An open-source maintainer in Buenos Aires keeps a library that thousands of companies depend on, and earns almost nothing from it. An indie game studio in Helsinki wants to take small payments from players in 60 countries, but payment-processor friction, currency conversion, and chargebacks eat the margin on a €2 purchase. The value these creators produce is global and continuous; the rails to capture it are national, lumpy, and intermediated.
Fabric gives creators direct, low-friction, global rails — micropayments that settle instantly, funding relationships that are verifiable, and an audience they own rather than rent from a platform.
What changes
An OSS maintainer receives sustainable, predictable funding from corporate users — with contributor recognition and no compromise on independence, because the relationship is on open rails, not a platform's terms.

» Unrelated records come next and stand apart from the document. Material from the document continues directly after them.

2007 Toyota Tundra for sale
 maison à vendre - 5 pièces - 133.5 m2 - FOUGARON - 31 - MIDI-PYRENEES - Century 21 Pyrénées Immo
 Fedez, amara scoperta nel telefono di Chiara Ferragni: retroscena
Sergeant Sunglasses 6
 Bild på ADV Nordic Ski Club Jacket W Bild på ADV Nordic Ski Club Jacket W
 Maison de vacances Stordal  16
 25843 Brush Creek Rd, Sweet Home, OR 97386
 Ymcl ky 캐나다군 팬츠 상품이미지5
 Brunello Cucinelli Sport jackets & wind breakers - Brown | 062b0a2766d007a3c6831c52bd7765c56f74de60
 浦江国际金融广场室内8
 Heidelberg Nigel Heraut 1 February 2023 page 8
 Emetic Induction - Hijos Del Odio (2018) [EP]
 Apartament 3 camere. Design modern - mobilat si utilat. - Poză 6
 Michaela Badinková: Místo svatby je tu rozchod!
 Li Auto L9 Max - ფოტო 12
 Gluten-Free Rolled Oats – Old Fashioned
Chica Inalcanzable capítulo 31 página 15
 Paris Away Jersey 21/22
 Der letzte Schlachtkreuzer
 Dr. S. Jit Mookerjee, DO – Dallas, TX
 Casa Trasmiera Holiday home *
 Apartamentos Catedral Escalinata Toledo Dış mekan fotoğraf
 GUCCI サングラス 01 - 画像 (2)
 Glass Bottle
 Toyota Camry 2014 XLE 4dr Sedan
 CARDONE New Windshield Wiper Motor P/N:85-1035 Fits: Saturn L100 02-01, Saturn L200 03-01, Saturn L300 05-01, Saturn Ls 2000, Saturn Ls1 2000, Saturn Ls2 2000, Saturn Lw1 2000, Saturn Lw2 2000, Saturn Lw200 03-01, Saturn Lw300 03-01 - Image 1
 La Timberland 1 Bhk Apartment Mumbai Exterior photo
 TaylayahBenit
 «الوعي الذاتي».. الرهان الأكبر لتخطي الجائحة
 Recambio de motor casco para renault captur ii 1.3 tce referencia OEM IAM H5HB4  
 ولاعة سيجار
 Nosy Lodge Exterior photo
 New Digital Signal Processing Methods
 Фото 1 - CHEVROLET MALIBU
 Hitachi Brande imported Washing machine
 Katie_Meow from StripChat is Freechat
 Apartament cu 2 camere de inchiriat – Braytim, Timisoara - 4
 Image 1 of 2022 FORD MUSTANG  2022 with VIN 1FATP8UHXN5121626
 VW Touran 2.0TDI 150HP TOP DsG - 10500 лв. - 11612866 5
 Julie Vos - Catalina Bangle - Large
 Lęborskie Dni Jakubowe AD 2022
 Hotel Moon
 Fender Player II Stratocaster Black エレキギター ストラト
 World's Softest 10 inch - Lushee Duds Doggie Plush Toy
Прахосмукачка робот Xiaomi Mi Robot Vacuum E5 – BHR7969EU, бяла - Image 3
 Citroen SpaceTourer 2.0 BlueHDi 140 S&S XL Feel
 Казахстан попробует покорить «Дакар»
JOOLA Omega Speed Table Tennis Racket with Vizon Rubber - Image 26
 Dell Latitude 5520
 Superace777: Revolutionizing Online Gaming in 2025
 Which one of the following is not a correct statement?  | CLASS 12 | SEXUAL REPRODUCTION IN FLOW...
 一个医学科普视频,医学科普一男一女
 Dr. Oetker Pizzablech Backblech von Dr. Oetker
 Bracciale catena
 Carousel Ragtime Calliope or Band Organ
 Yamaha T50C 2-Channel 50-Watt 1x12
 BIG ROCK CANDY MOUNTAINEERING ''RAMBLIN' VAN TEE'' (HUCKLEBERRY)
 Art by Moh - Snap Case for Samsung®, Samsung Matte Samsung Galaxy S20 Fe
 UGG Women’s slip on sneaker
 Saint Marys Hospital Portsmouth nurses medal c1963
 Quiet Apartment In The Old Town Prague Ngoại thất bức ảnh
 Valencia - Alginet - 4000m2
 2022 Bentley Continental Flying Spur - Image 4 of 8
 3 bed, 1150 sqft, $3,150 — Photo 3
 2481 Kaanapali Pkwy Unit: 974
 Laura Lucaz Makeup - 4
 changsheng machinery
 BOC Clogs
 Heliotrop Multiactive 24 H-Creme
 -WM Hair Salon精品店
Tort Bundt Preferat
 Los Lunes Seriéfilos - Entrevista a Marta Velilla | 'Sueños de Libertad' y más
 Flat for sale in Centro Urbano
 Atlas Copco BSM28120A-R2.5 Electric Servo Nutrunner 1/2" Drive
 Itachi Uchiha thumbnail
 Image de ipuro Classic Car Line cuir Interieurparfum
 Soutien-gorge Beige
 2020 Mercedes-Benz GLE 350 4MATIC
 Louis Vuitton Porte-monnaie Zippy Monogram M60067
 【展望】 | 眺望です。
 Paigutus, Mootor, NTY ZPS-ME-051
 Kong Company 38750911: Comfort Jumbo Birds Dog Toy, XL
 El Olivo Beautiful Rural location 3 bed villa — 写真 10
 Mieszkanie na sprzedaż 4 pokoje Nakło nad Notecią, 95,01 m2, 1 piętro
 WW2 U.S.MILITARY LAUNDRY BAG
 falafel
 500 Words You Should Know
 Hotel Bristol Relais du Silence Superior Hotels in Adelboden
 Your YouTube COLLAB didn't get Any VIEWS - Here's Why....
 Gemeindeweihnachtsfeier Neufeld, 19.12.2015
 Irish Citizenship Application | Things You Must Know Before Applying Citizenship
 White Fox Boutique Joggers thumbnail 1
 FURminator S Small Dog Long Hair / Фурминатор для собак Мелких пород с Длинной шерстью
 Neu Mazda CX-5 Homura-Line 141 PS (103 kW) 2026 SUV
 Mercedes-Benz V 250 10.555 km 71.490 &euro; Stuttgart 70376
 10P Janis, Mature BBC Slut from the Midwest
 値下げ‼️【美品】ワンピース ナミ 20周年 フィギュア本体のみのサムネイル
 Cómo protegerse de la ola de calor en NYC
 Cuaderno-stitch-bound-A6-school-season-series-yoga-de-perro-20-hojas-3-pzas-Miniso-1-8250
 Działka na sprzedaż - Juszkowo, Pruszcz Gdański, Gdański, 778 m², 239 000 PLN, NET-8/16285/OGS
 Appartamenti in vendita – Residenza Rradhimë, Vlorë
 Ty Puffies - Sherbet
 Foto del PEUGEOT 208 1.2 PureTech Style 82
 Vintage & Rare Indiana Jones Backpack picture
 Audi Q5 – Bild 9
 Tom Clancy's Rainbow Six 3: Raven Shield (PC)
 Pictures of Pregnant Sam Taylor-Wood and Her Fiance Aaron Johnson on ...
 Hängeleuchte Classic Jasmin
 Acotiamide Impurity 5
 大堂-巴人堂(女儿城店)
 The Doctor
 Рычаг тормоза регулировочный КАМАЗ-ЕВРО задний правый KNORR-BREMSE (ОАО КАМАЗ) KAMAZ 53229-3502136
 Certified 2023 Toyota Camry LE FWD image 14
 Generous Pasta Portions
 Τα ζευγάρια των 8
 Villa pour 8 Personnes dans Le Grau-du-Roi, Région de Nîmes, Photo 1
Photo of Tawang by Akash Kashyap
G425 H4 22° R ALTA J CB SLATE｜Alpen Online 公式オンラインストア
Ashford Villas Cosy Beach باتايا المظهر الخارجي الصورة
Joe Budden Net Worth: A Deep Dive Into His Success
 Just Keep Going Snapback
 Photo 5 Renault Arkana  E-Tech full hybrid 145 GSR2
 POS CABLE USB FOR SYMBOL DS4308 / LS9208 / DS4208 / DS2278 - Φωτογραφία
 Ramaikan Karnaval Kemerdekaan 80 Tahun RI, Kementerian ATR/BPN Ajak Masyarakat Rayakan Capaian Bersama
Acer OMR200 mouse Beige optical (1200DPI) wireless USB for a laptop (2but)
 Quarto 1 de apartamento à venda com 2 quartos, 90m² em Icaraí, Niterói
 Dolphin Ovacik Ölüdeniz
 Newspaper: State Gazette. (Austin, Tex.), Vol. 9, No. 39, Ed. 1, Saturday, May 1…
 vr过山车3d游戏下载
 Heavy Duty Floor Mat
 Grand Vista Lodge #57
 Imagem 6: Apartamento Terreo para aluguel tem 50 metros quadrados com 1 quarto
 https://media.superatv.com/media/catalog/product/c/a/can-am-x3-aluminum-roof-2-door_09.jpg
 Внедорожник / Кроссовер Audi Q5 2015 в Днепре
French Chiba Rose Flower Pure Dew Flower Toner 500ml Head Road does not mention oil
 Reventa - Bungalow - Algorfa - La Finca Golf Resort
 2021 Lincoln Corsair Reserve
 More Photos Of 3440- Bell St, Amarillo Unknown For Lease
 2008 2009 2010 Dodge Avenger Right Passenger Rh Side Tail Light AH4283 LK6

A game studio takes €2 micropayments worldwide with instant settlement and reduced chargeback exposure, keeping conversion high.
Creators own the audience relationship — the identity, the offering, and the payment don't belong to an intermediary that can change the rules.
Sponsors get an auditable trail of where funding went, which is exactly what turns goodwill into recurring budget.
Where to start
Publish one offering (a sponsorship tier or a paid item) to a sandbox catalogue, wire a micropayment settlement against it, and run ten cross-border test purchases. Add a contributor-recognition credential and confirm a sponsor can verify it independently.